* _WHAT TO DO_
Where an entry holds an image, leave the image out; otherwise reproduce the entry exactly.

::: DATA EXTRACT :::

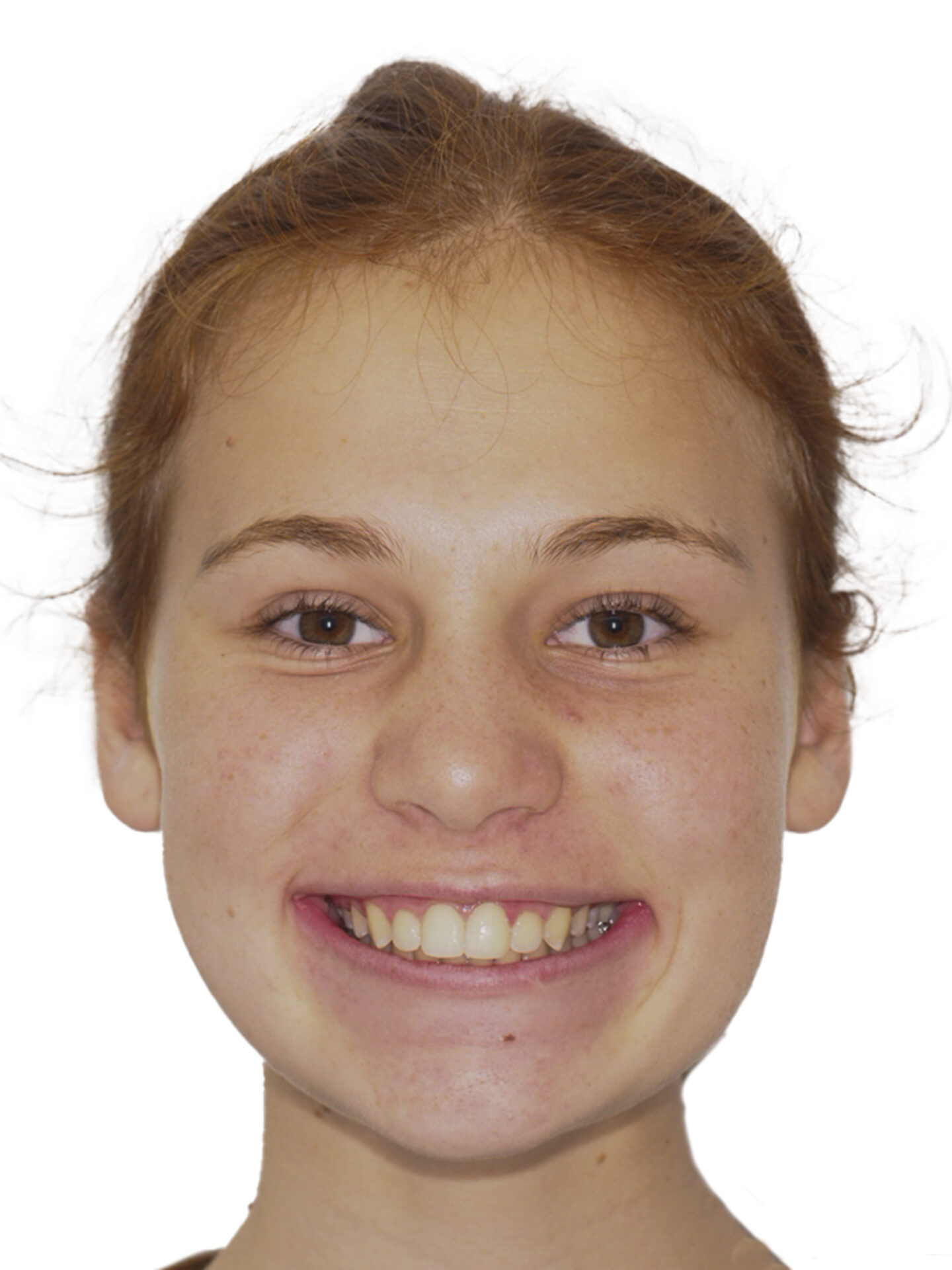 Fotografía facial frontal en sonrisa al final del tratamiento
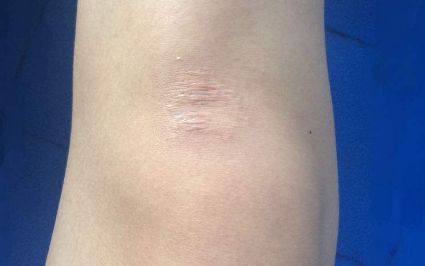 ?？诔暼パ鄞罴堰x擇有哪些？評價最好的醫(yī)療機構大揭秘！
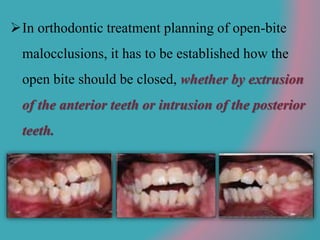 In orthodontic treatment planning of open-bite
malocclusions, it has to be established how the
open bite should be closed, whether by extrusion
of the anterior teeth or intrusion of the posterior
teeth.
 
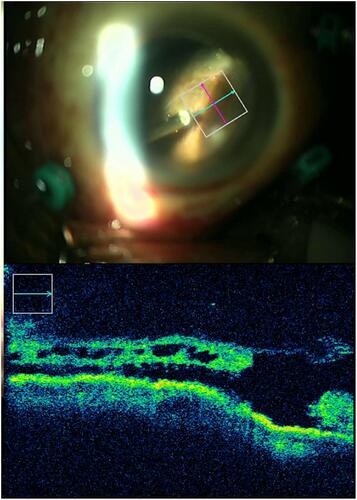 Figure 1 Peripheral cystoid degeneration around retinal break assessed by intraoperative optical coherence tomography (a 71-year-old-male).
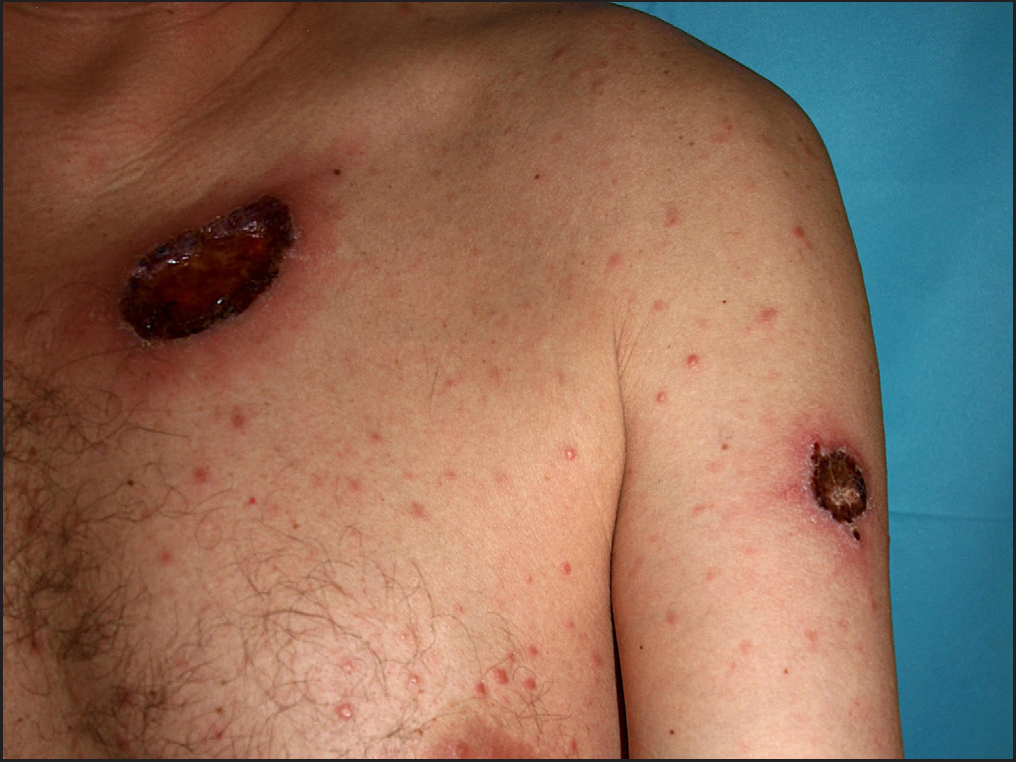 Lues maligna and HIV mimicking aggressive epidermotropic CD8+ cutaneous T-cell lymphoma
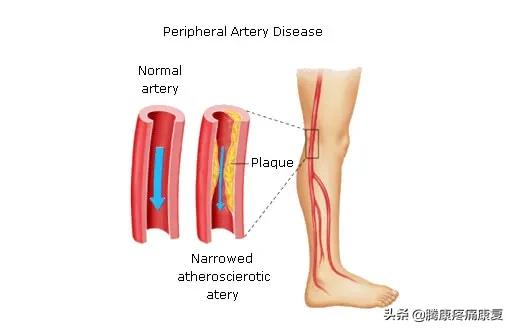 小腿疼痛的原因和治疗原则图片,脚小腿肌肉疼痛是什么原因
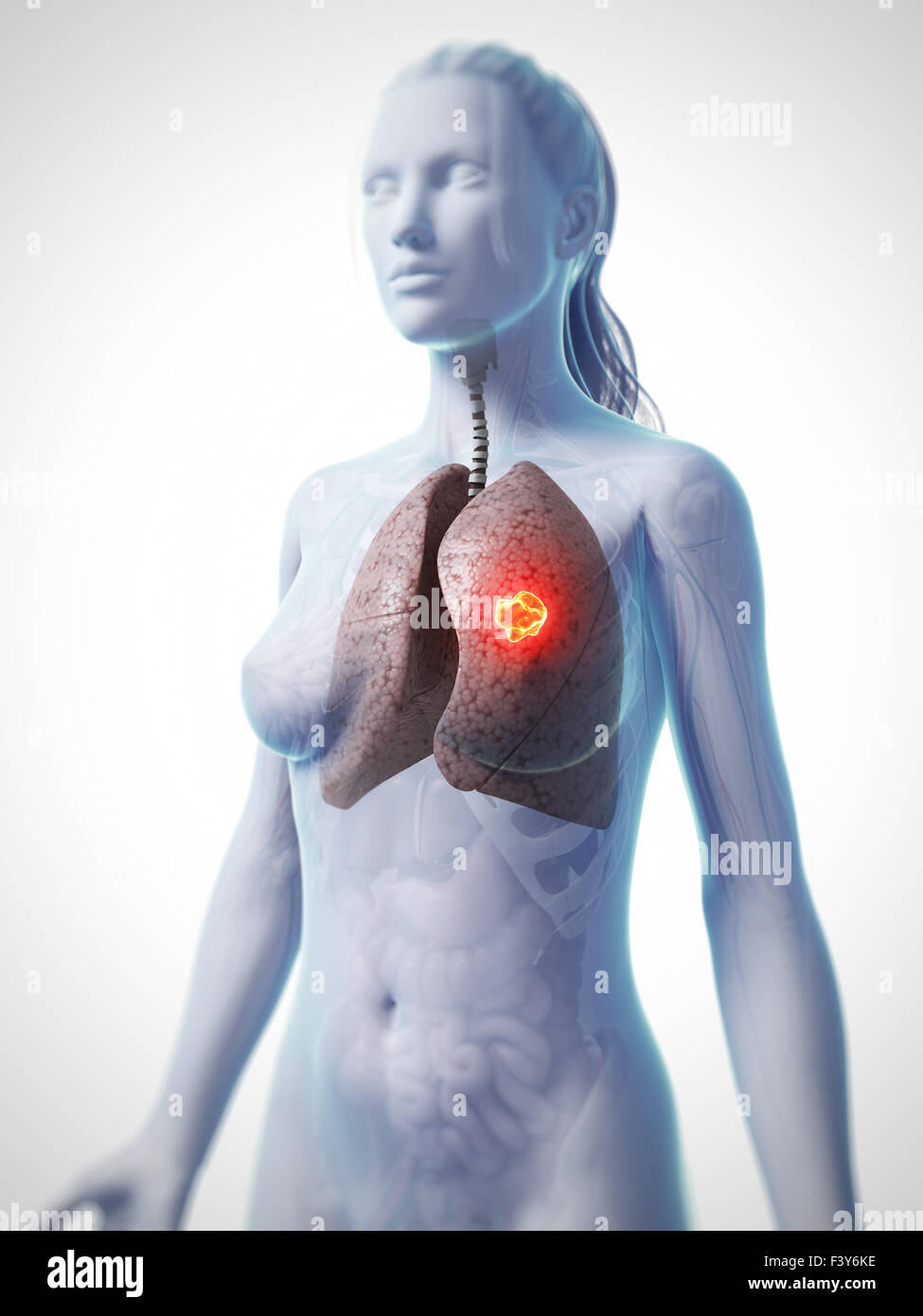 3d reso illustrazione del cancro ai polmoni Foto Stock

:::

* _COMPLETED EXERCISE_
 Fotografía facial frontal en sonrisa al final del tratamiento
 ?？诔暼パ鄞罴堰x擇有哪些？評價最好的醫(yī)療機構大揭秘！
 In orthodontic treatment planning of open-bite
malocclusions, it has to be established how the
open bite should be closed, whether by extrusion
of the anterior teeth or intrusion of the posterior
teeth.
 
 Figure 1 Peripheral cystoid degeneration around retinal break assessed by intraoperative optical coherence tomography (a 71-year-old-male).
 Lues maligna and HIV mimicking aggressive epidermotropic CD8+ cutaneous T-cell lymphoma
 小腿疼痛的原因和治疗原则图片,脚小腿肌肉疼痛是什么原因
 3d reso illustrazione del cancro ai polmoni Foto Stock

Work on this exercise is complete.